The canonical command names are stable for developers; stack-specific executors are resolved from config extensions.
dwf verify should always run inside the configured fingerprinted container in CI, and optionally locally via containerized mode.

Rollout path for this project:

Phase A: treat current dflow as compatibility facade and map it to devflow/dwf commands.
Phase B: move cache/image/check contracts into typed config.
Phase C: keep project-specific extensions only for diagram-tool dependencies and release packaging nuances.

Required Repo Changes¶

Standardize fingerprint algorithm docs + scripts to one input set.
Introduce KROKI_CACHE_ROOT and replace hardcoded .cargo-cache/target/ci paths in scripts and make fragments.
Add explicit CI-tier targets:
- fmt-check
- lint-clippy
- test-pr
- test-full
Consolidate CI triggers into one workflow (main, develop) and keep release/package workflows separate.
Add cache key normalization helper (script or make target) reused by both local diagnostics and GHA.
Add CI observability summary:
- fingerprint used
- cache hit/miss stats
- sccache hit ratio per run
Add explicit note in workflow docs that build and all verify-* jobs execute in the fingerprinted CI container.
Add extension points in docs/config for future multi-surface and multi-stack orchestration.

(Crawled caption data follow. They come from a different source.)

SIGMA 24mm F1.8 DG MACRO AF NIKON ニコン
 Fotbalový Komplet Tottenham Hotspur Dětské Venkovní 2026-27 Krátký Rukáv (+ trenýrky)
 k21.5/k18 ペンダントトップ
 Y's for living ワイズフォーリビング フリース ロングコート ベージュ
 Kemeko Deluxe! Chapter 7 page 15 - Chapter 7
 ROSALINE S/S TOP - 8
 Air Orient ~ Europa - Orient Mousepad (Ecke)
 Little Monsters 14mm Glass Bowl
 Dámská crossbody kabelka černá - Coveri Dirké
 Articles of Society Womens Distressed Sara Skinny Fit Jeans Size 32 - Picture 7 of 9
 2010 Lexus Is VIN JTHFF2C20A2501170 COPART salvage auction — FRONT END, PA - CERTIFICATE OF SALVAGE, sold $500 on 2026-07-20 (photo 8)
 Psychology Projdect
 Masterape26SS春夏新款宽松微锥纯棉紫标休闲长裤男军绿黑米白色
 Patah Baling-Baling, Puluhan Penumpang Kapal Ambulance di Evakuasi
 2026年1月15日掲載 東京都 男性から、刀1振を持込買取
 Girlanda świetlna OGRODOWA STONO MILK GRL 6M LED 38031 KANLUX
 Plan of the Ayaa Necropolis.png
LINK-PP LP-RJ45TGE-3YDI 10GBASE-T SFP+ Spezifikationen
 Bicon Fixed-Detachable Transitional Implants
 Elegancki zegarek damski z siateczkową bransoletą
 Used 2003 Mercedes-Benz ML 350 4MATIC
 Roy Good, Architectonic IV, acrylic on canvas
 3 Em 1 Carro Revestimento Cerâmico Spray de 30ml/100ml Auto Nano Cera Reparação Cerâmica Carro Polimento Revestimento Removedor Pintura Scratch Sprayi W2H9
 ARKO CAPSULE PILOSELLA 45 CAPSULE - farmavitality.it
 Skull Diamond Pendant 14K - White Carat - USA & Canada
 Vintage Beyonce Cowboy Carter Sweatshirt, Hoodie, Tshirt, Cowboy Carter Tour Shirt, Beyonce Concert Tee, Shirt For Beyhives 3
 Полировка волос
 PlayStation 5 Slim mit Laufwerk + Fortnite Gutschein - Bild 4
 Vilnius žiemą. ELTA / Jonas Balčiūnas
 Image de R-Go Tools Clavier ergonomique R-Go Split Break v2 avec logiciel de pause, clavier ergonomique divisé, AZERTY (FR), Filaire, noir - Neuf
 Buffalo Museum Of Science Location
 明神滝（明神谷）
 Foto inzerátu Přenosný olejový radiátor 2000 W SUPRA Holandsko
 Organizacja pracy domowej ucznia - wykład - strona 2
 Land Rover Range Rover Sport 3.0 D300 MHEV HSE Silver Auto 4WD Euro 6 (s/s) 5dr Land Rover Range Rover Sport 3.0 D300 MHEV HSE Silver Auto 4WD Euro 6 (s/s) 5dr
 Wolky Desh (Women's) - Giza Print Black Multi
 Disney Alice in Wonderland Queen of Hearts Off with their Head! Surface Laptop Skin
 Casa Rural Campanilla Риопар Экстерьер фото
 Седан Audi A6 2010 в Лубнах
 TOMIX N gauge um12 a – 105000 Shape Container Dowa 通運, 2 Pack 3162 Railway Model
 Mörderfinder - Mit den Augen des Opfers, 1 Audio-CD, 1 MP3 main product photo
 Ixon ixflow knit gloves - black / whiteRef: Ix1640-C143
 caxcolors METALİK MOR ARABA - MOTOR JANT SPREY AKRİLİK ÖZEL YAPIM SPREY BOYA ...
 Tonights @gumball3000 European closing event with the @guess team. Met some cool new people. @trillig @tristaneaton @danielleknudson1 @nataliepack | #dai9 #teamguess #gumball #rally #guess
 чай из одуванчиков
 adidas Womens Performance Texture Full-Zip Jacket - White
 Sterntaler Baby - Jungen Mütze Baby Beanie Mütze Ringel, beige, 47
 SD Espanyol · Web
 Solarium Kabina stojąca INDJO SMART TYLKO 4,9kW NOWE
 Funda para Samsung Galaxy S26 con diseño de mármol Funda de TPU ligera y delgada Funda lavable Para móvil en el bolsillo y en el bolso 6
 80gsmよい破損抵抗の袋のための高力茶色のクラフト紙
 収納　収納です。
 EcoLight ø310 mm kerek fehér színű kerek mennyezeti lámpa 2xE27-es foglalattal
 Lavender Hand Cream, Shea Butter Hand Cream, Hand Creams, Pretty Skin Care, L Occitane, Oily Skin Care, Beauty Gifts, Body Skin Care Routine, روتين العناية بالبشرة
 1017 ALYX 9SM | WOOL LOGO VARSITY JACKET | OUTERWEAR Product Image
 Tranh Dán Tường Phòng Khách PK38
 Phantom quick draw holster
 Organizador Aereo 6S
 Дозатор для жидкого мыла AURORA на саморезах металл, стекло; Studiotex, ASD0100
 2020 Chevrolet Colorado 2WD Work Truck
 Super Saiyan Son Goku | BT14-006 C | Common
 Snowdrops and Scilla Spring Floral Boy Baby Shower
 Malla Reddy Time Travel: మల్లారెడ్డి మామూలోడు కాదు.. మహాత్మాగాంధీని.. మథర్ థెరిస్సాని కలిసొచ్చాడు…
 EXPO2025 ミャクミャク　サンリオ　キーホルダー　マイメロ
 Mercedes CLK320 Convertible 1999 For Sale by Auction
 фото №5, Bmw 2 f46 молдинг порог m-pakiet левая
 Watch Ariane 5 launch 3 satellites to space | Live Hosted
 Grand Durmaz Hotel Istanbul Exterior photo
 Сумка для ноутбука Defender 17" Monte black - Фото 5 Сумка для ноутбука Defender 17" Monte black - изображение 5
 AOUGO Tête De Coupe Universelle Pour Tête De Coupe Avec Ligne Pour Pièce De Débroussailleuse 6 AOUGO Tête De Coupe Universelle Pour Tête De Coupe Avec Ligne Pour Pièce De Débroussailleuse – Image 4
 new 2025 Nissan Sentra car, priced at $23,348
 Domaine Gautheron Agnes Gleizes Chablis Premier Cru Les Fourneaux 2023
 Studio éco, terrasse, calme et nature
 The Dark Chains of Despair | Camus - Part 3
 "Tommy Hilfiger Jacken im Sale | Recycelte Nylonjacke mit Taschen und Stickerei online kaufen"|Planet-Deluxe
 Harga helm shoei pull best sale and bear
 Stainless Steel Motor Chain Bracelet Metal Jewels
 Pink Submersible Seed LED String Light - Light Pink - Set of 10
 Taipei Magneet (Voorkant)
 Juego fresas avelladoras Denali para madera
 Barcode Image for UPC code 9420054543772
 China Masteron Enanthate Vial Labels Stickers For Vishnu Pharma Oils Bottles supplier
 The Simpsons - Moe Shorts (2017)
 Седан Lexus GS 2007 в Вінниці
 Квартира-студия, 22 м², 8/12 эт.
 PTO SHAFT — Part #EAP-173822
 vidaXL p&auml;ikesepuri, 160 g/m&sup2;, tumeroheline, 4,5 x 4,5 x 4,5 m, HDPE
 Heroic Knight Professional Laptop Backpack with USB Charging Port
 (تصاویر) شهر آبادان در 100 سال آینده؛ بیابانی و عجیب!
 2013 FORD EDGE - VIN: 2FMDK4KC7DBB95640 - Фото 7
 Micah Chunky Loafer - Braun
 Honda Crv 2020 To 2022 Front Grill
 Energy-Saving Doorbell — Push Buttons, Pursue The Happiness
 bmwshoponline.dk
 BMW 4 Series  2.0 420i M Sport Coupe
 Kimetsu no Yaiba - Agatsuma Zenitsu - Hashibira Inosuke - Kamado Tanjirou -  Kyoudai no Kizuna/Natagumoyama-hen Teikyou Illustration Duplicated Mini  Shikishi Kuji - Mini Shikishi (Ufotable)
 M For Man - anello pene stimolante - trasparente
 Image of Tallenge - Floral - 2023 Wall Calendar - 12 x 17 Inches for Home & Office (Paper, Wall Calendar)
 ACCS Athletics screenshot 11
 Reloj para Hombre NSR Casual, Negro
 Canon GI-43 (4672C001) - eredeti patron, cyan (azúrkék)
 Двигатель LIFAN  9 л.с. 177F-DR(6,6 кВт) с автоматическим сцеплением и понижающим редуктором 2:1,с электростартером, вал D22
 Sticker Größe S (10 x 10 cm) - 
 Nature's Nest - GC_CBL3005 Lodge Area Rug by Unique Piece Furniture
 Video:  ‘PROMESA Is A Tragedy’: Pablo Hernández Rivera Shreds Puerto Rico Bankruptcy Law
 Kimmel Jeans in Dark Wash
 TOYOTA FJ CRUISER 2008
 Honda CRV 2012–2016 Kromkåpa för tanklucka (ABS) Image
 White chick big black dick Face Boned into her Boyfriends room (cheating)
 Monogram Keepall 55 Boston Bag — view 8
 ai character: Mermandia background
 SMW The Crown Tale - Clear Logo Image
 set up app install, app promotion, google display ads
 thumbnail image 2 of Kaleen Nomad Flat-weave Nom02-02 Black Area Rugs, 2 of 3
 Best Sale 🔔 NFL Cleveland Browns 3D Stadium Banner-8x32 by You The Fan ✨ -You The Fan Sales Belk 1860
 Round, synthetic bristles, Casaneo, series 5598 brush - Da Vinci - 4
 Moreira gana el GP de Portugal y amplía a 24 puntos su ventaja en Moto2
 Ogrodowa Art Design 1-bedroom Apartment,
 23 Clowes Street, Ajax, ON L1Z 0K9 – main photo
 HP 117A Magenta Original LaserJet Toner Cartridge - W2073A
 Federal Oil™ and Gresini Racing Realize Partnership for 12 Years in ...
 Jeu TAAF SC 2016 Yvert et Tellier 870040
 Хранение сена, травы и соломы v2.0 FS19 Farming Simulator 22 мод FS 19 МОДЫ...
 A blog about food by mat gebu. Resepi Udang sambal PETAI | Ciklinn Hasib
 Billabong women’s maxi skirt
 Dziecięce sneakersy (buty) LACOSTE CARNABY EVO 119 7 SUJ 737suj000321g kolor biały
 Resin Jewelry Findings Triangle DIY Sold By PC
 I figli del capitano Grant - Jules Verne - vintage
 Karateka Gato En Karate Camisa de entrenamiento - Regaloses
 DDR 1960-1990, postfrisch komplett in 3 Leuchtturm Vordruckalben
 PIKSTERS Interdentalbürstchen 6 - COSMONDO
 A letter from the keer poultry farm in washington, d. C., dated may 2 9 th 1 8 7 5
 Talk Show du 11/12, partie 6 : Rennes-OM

Suggested Implementation Plan (v0.1.0)¶

Phase 1: Cache Contract and Fingerprint Consistency¶

Add KROKI_CACHE_ROOT contract and migrate mounts/env vars.
Align fingerprint implementation and documentation.
Validate no regression in ./dflow ci-verify.

Phase 2: CI Job Contract Refactor¶

Create/adjust make targets for granular checks.
Refactor CI workflow into prep/build/parallel-verify jobs.
Keep required checks mapped to the same stable names.

Phase 3: Test Tiering + Runtime Optimization¶

Formalize PR vs full test tiers.
Tune nextest profile and retries for flaky integration suites.
Add run summaries with cache and compile diagnostics.

Phase 4: Hardening (Optional, Recommended)¶

Add SBOM + image scan gates.
Add provenance/signing for release images.
Add periodic cache hygiene workflow.

Risks and Mitigations¶

Risk: over-broad target cache reuse can cause stale artifacts.
- Mitigation: include fingerprint + toolchain + feature mode in cache key.
Risk: too many parallel jobs increase image pull overhead.
- Mitigation: keep verify jobs lightweight and rely on prep/build warm cache.
Risk: local cache growth on macOS.
- Mitigation: configurable cache root + retention/prune targets.

Decision Notes on Requested Strategies¶

Mounting cargo registry/git/target caches is correct and should remain, with stronger key scoping and a configurable root.
cargo nextest is the right default for CI; keep it as the primary PR test executor.
Granular checks should remain visible as separate required statuses/check-runs.
Single CI workflow for PR/push on main and develop is recommended; keep release/publish workflows independent.

Success Criteria¶

Local ./dflow ci-verify and PR CI run identical targets in the same image identity.
Warm PR rerun latency significantly lower than cold runs, with measurable sccache and cache hit ratios.
Reviewers can identify failure domain immediately from independent check status names.
Pipeline logic remains modular and centralized in scripts/make targets, not duplicated in YAML.